Dagegen hat das BAG bei Fehlern bezüglich der "Soll-Angaben" des § 17 Abs. 3 S. 5 KSchG keine Unwirksamkeit der Kündigungen angenommen.
Ein nicht ordnungsgemäß durchgeführtes oder gar unterbliebenes Konsultationsverfahren gem. § 17 Abs. 2 KSchG führt zur Nichtigkeit der Kündigungen nach § 134 BGB.

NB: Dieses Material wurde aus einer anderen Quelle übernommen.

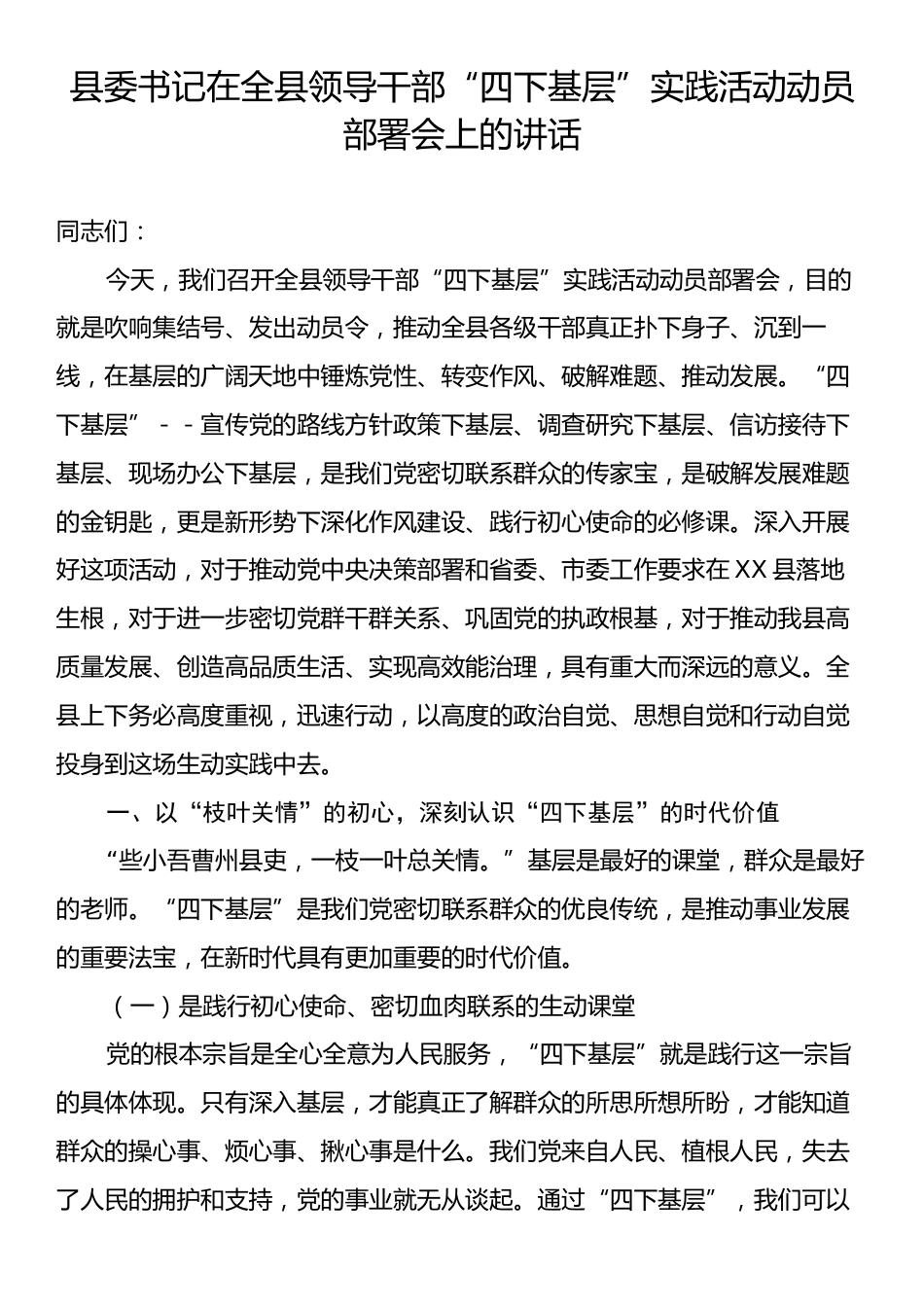 县委书记在全县领导干部“四下基层”实践活动动员部署会上的讲话.docx_第1页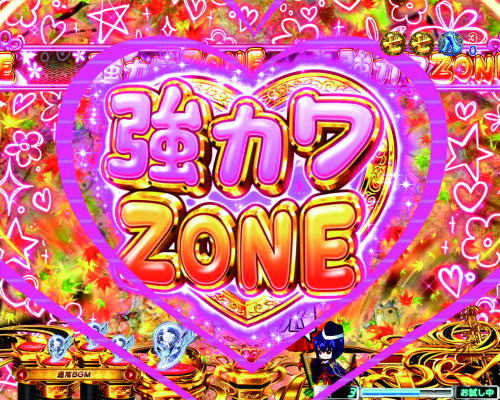 パチンコ乙女6の強カワゾーン
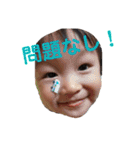 かんくん★よく使う言葉（個別スタンプ：20）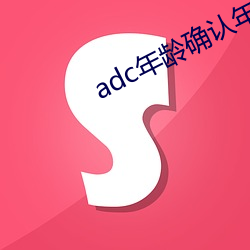 adc年龄(齡)确(確)认年龄(齡)确认欢迎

Allerdings kündigen sich Änderungen zugunsten der Arbeitgeber an: Offengelassen hat das BAG bislang, ob der Verstoß gegen die Verpflichtung aus § 17 Abs. 3 S. 1 KSchG, wonach der Agentur für Arbeit eine Abschrift der Mitteilung an den Betriebsrat zuzuleiten ist, zur Nichtigkeit der Kündigung führt. Zur Ermittlung, ob § 17 Abs. 3 S. 1 KSchG ein Verbotsgesetz i.S.d. § 134 BGB darstellt, ist auf den Schutzzweck der Bestimmung abzustellen. Dabei ist es entscheidend, ob die Bestimmung zumindest auch Individualschutz bezweckt. Zur Bestimmung des Schutzzwecks von § 17 Abs. 3 S. 1 KSchG ist der Schutzzweck der zugrunde liegenden Richtlinienbestimmung des Art. 2 Abs. 3 UAbs. 2 MERL entscheidend. Die Auslegung obliegt dem EuGH, sodass das BAG das Verfahren ausgesetzt und die Frage dem EuGH vorgelegt hat. Bereits die Schlussanträge des Generalanwalts Pikamäe, der den kollektiven Charakter von Art. 2 Abs. 3 UAbs. 2 MERL betont, führten in anderen Verfahren des BAG zur Aussetzung des Rechtsstreits und zu einem Abwarten der Entscheidung des EuGH. Dabei stellt das BAG sein Sanktionssystem für Fehler bei Massenentlassungsanzeigeverfahren infrage. In einem der Fälle ging es um die Sanktionen bei Verstößen des Arbeitgebers gegen seine Verpflichtungen aus § 17 Abs. 1, Abs. 3 KSchG, der Arbeitgeber ging fehlerhaft davon aus, keine Massenentlassungsanzeige stellen zu müssen. Der EuGH urteilte, dass die Verpflichtung des Arbeitgebers, die Agentur für Arbeit in einem frühen Stadium über geplante Massenentlassungen zu informieren, keinen Individualschutz der Arbeitnehmer bezweckt. Im Anschluss an die Entscheidung des EuGH hat der Sechste Senat eine Rechtsprechungsänderung angekündigt, indem die Rechtsprechung, dass eine im Rahmen einer Massenentlassung ausgesprochene Kündigung wegen Verstoßes gegen ein gesetzliches Verbot i.S.v. § 134 BGB unwirksam ist, wenn im Zeitpunkt ihrer Erklärung keine oder eine fehlerhafte Anzeige nach § 17 Abs. 1, Abs. 3 KSchG vorliegt, aufgegeben wird. Da dies auch von der Rechtsprechung des Zweiten Senats abweicht, ist das Verfahren ausgesetzt und der Zweite Senat hat sich zu äußern, ob er an der bisherigen Rechtsprechung festhält oder diese ebenfalls aufgibt. Dies hat zur Folge, dass auch andere Verfahren ausgesetzt sind.